We have begun to accept “consumerism” in our culture, the idea that you have a right to take care of yourself, to ask questions about what you pay for and about what is done to you.  You should be able to use this idea in caring for your health to get real attention and cooperation from doctors and other clinicians, but that is not always easy to accomplish.  Doctors are burdened with traditions of withholding information, or at least not making satisfactory efforts to communicate fully with patients.  Perhaps this is changing, but it will change more rapidly if patients actively seek understanding and cooperation instead of traditional passivity toward medical authority.  “Googling” for answers on the internet is a futile immersion into a sea of competing myths and sales pitches.  Caveat emptor.

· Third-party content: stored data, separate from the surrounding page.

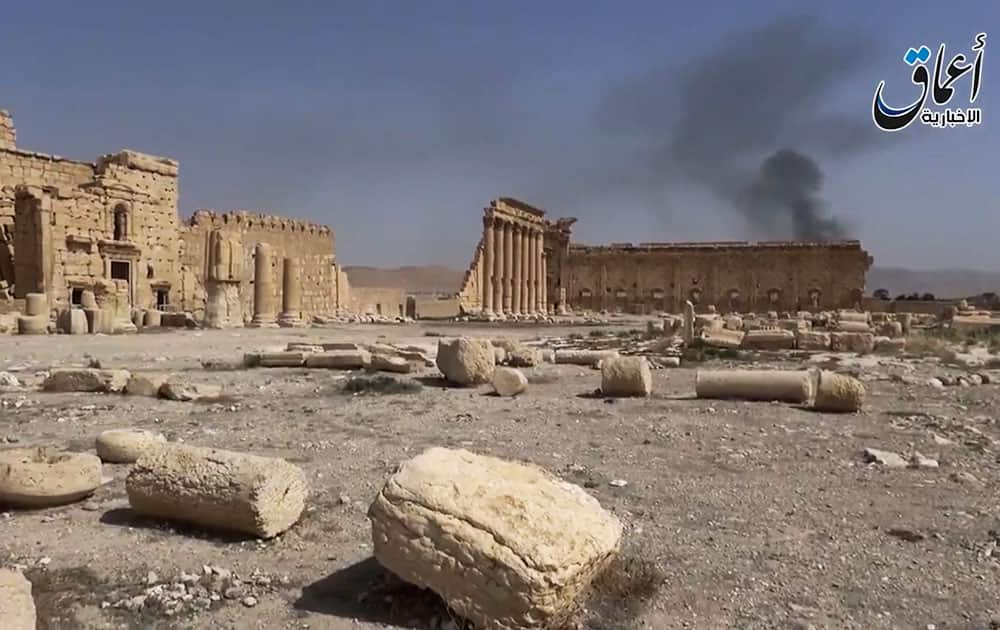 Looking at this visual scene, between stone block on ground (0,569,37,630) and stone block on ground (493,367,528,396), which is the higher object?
stone block on ground (493,367,528,396)

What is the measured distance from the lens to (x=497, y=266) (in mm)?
37875

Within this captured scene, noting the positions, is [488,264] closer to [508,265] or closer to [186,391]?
[508,265]

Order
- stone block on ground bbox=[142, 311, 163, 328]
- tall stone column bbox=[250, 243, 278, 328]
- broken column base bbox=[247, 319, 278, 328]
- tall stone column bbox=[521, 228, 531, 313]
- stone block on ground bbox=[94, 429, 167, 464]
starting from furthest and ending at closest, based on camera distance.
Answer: tall stone column bbox=[521, 228, 531, 313], tall stone column bbox=[250, 243, 278, 328], broken column base bbox=[247, 319, 278, 328], stone block on ground bbox=[142, 311, 163, 328], stone block on ground bbox=[94, 429, 167, 464]

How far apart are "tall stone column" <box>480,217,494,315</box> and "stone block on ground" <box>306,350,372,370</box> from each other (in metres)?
23.9

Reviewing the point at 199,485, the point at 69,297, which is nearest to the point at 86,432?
the point at 199,485

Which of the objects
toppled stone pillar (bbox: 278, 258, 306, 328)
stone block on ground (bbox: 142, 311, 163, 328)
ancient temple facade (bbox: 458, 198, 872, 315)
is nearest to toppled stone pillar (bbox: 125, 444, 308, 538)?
stone block on ground (bbox: 142, 311, 163, 328)

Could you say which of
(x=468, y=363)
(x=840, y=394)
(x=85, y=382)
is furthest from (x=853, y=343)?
(x=85, y=382)

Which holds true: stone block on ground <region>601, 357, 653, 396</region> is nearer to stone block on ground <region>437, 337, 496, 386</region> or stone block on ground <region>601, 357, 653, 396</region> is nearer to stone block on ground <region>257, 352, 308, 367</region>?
stone block on ground <region>437, 337, 496, 386</region>

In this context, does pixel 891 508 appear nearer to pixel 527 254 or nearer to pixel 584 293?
pixel 527 254

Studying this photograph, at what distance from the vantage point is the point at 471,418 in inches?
318

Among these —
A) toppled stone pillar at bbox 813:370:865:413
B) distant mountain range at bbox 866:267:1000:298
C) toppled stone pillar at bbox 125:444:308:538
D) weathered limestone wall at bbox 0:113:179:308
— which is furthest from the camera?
distant mountain range at bbox 866:267:1000:298

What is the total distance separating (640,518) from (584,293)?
49.4 meters

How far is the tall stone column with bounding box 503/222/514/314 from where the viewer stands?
125 feet

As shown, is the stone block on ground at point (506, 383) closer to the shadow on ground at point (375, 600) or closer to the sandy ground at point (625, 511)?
the sandy ground at point (625, 511) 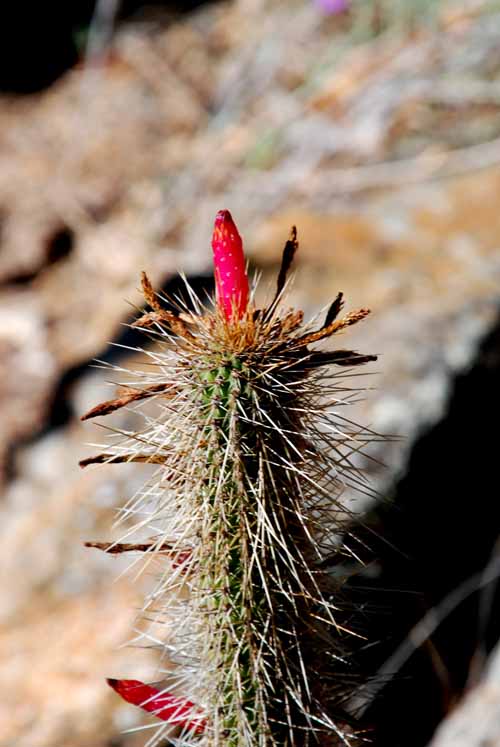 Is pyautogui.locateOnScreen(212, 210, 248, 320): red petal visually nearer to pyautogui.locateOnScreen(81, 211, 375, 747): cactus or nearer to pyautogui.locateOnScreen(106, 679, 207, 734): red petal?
pyautogui.locateOnScreen(81, 211, 375, 747): cactus

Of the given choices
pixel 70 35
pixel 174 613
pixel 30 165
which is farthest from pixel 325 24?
pixel 174 613

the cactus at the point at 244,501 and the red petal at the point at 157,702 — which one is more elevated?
the cactus at the point at 244,501

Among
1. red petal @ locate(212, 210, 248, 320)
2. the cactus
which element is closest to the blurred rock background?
the cactus

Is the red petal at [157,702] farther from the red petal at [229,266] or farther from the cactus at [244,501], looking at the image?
the red petal at [229,266]

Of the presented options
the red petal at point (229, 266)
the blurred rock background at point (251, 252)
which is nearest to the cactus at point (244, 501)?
the red petal at point (229, 266)

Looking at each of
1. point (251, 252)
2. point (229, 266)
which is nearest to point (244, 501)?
point (229, 266)

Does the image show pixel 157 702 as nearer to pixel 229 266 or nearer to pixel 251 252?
pixel 229 266

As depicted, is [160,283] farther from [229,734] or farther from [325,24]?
[325,24]
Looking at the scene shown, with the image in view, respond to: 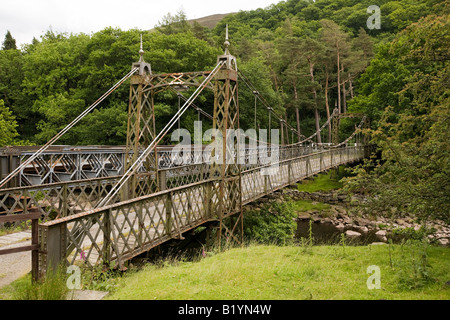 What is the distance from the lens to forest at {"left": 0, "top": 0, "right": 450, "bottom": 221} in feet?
19.3

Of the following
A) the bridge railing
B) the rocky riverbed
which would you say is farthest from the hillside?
the bridge railing

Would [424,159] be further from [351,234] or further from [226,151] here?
[351,234]

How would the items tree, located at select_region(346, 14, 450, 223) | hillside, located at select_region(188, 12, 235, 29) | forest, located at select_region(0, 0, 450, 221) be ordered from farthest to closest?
1. hillside, located at select_region(188, 12, 235, 29)
2. forest, located at select_region(0, 0, 450, 221)
3. tree, located at select_region(346, 14, 450, 223)

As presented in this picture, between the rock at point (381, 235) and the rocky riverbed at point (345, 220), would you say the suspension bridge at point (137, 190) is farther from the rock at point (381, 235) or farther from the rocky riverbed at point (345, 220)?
the rock at point (381, 235)

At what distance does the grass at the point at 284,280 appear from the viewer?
4250 millimetres

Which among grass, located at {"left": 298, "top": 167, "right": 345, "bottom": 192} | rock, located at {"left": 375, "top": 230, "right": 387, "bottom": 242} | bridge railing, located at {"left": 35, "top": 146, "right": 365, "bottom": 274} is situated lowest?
rock, located at {"left": 375, "top": 230, "right": 387, "bottom": 242}

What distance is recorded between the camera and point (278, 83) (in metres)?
40.4

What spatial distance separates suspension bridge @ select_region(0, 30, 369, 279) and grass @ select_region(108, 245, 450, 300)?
0.95 meters

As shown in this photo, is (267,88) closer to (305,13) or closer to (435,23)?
(435,23)

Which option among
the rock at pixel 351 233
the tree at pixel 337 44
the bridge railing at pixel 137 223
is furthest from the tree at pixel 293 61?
the bridge railing at pixel 137 223

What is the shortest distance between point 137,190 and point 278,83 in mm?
32920

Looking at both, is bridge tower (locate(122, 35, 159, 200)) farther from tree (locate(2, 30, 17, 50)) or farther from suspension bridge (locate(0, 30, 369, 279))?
tree (locate(2, 30, 17, 50)) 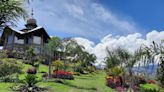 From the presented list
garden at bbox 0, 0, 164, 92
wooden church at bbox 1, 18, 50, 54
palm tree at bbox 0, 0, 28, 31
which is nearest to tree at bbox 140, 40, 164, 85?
garden at bbox 0, 0, 164, 92

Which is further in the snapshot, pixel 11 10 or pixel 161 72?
pixel 161 72

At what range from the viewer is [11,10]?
752 centimetres

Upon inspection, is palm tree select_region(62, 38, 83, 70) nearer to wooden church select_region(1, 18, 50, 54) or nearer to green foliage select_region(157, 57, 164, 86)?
wooden church select_region(1, 18, 50, 54)

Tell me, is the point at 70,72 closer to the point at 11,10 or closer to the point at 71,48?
the point at 71,48

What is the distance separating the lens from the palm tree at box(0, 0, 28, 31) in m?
7.47

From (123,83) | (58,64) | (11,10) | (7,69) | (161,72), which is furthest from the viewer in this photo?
(58,64)

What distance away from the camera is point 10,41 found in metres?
73.6

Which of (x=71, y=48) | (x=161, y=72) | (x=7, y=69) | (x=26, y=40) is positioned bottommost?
(x=161, y=72)

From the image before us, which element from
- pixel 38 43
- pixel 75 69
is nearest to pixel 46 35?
pixel 38 43

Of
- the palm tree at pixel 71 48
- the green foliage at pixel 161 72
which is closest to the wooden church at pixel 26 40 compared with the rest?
the palm tree at pixel 71 48

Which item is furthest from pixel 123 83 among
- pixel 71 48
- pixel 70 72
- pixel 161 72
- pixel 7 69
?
pixel 161 72

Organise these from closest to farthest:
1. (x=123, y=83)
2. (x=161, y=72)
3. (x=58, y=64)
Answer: (x=161, y=72) → (x=123, y=83) → (x=58, y=64)

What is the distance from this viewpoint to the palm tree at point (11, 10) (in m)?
7.47

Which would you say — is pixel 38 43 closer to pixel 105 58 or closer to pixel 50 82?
pixel 105 58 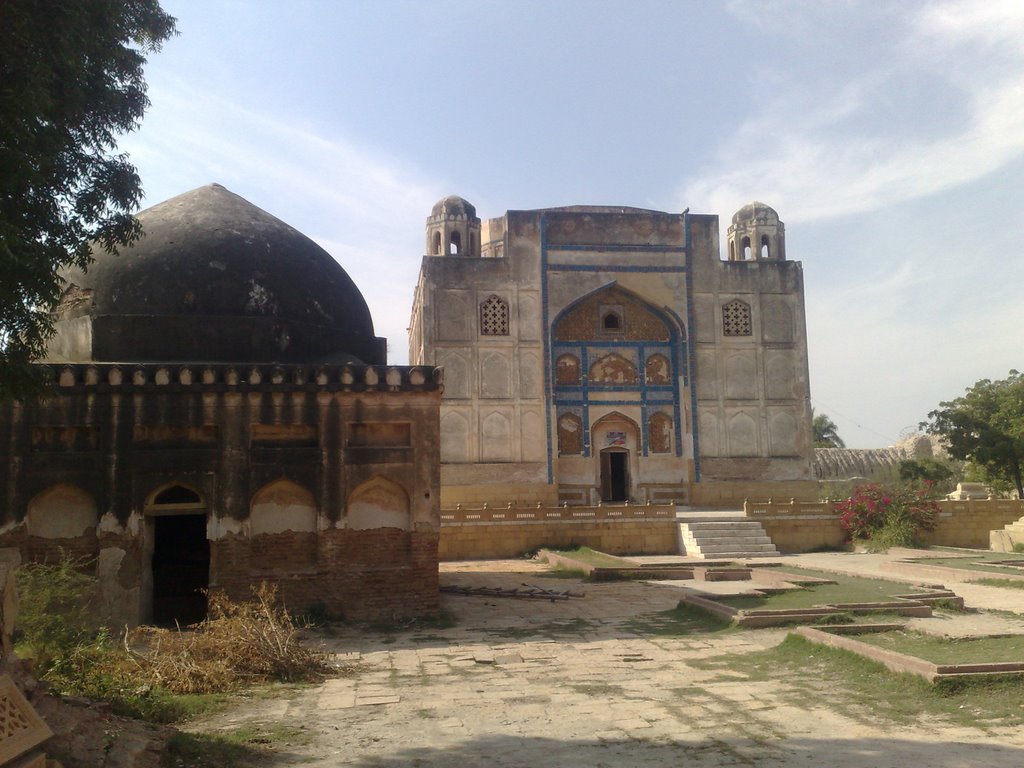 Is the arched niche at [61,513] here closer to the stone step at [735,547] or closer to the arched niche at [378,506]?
the arched niche at [378,506]

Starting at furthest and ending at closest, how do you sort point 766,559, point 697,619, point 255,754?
point 766,559
point 697,619
point 255,754

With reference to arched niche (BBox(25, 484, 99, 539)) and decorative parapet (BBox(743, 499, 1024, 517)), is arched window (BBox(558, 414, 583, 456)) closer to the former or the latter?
decorative parapet (BBox(743, 499, 1024, 517))

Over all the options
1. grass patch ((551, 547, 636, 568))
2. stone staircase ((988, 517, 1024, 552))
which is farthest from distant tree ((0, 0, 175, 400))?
stone staircase ((988, 517, 1024, 552))

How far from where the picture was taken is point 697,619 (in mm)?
11172

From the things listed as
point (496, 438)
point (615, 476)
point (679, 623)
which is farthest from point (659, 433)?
point (679, 623)

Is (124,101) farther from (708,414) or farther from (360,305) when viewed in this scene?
(708,414)

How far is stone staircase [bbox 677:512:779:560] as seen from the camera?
21031 mm

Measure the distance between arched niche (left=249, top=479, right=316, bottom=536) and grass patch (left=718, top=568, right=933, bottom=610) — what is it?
218 inches

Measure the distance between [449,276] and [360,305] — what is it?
42.5 ft

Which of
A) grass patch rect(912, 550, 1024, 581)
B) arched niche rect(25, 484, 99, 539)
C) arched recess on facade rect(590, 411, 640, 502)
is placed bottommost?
grass patch rect(912, 550, 1024, 581)

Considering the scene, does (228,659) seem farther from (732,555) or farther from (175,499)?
(732,555)

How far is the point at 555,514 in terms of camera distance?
21891mm

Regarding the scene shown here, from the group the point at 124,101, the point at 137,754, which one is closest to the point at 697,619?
the point at 137,754

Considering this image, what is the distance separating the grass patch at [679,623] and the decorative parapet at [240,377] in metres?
4.02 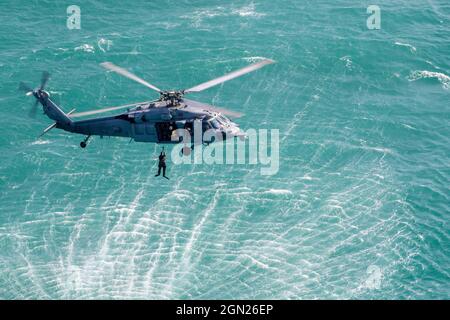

Our economic crisis in health care interferes in the relationship between doctor and patient.  Patients who have no resources certainly have difficulty buying attention.  Patients who have some form of insurance tend to take a casual attitude toward costs, and therefore are less attentive to what makes sense to do.

We seem to carry in our minds a standard of health care which is a dangerous and expensive myth, something like, “If my heart wears out I can be fitted for an artificial one.”  A safer, cheaper and more practical idea is, “If I take care of myself my heart may not wear out so quickly.”  When we all at once participate in irresponsible myths our health does not improve but we spend huge resources on fruitless applications of technology.

Problems of communication, coordination and economy of health care cannot be solved by doctors alone, or even by doctors and patients together under ideal circumstances.  Several other parties enter strongly into the process:  hospitals, insurance companies, government agencies.  Doctors and patients must scrutinize these parties carefully to keep them from disrupting the clinical relationship.

Doctors do not have the power we wish they had fully to understand our bodies, minds and lives, to change them when they do not satisfy us.  Doctors do not have the power we wish they had to simplify and economize the health-care network which has become increasingly dyseconomic and counterproductive.

But in this picture I sketch, a doctor can be the closest person to any real patient and can understand and recommend in the most coherent fashion.  Any doctor who doesn’t try to understand that or doesn’t try to do it is compromising his own integrity and his patient’s welfare.

Common is the experience of being a patient.  Rarely do doctors remember what it is to be a patient.  Patients regard doctors and what they do as mysterious, powerful and incomprehensible.  Rarely do patients allow themselves to see doctors as simple, nor allow doctors to act that way.

Inthis book is a story of me and doctoring, a complex story.  I write from me as doctor’s child, patient, parent, doctor and critic of doctors.  If what I know is so, that relationships between patient and clinician can reflect all that is good and true and universal in life, that ignorance of this truth makes for death and evil, it will be reflected in my story for you to use in your own way, to be more effective as a patient, as a clinician.